BEINN LAIR FROM FIONN LOCH.

There were at this time three brothers of the name of Cross, who were sons of one of the last of the Loch Maree ironworkers. One of them was a bard, who built a house at Kernsary, still called Innis a bhaird, or "the oasis of the bard." One of the bard's brothers, named Hector, who had become a crofter at Letterewe, was at a shieling at the Claonadh (or Slopes), at the back of Beinn Lair, above Letterewe, where he and other crofters grazed their cattle in summer. One day after the battle of Culloden a stranger, a young Highlander, with yellow hair and clad in tartan, came to Hector's bothie and asked for shelter and refreshment. When the girl gave him a bowl of cream, he drank it off, and returned it to her with a gold piece in it. The news quickly spread among the shieling bothies that the stranger had gold about him. Soon after his departure from Hector's hospitable roof next morning, a shot was heard, and on a search being made the dead body of the young man was found, robbed of all valuables. The murder and robbery were ascribed to a crofter, whose name is well remembered, and whose descendants are still at Letterewe, for from that time the family had money. It is almost superfluous to add that no steps were taken to bring the murderer to justice; the unsettled state of the Highlands at the time would alone account for the immunity of the offender. It afterwards transpired that the murdered stranger had been a valet or personal servant to Prince Charlie, and that he had gone by the name of the "Gille Buidhe," or "yellow-haired lad." He was conveying the gold to his master, which had been sent from France, and it was to meet him that the two vessels had come to Sgeir Bhoora, near Poolewe. It seems he carried the gold in one end of his plaid, which had been formed into a temporary bag, an expedient still often resorted to in the Highlands. A portion of the Gille Buidhe's plaid formed the lining of a coat belonging to an old man at Letterewe in the nineteenth century. Kenneth Mackenzie, an old man living at Cliff (now dead), told me he had seen it.

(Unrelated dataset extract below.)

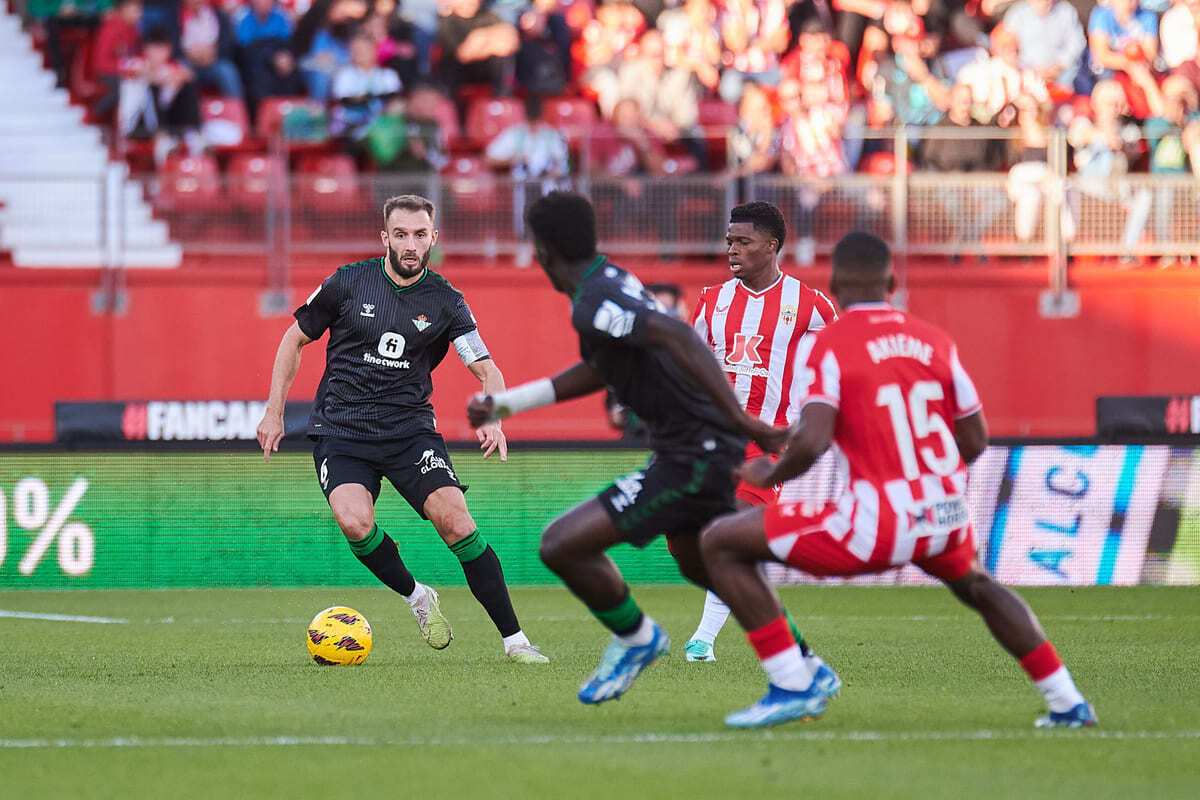Germán Pezzella y Assane Diao en el UD Almería - Real Betis | Salvador López Medina para El MIRA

The Gille Buidhe was not the only one to whom gold sent from France was entrusted in order that it might be taken to Prince Charlie. Duncan M'Rae, of Isle Ewe, who had been with the prince in his victorious days in Edinburgh, and had there composed a song entitled "Oran na Feannaige," received a small keg or cask of gold pieces for the use of the prince. It was soon after the date of the murder of the Gille Buidhe, that Duncan M'Rae and two other men brought the keg of gold across Loch Ewe from Mellon Charles to Cove, and then hid it in the Fedan Mor above Loch a Druing, where Duncan M'Rae, by means of the "sian," caused the cask to become invisible. In [Part II., chap, xiv.], the superstition illustrated by this incident will be described. They say the cask of gold still remains hidden in the Fedan Mor. Duncan M'Rae was one of the faithful Highlanders who did all that could be done to secure the prince's safety and serve his interests. It seems the incident must have occurred after the prince had fled to Skye.

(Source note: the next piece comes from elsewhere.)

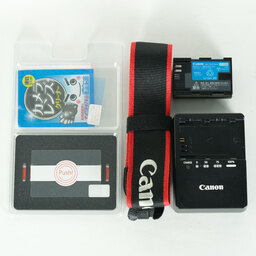 Canon EOS 90D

About the same time as the murder of the Gille Buidhe, one of the men-of-war cruising in search of the prince came into the bay at Flowerdale, and the captain sent word to Sir Alexander Mackenzie to come on board. The latter thought he was quite as well ashore among his people, so he sent his compliments to the captain, regretting he could not accept his invitation, as he had friends to dine with him on the top of Craig a chait (the high rocky hill behind Flowerdale House), where he hoped the captain would join them. The reply was a broadside against the house as the ship sailed off. One of the cannon balls, "apparently about an 18 lb. shot," was sticking half out of the house gable next to the sea in the youth of Dr Mackenzie (a great-grandson, still living, of Sir Alexander's), who adds, that "had the cannon ball hit but a few feet lower, it might have broken into a recess in the thickness of the gable, the admittance to which was by raising the floor at a wall press in the room above, although this had been forgotten, till masons, cutting an opening for a gable door to the kitchen, broke into the recess, where were many swords and guns. Then it was recollected that Fraser of Foyers was long concealed by our ancestor, and, of course, in this black hole."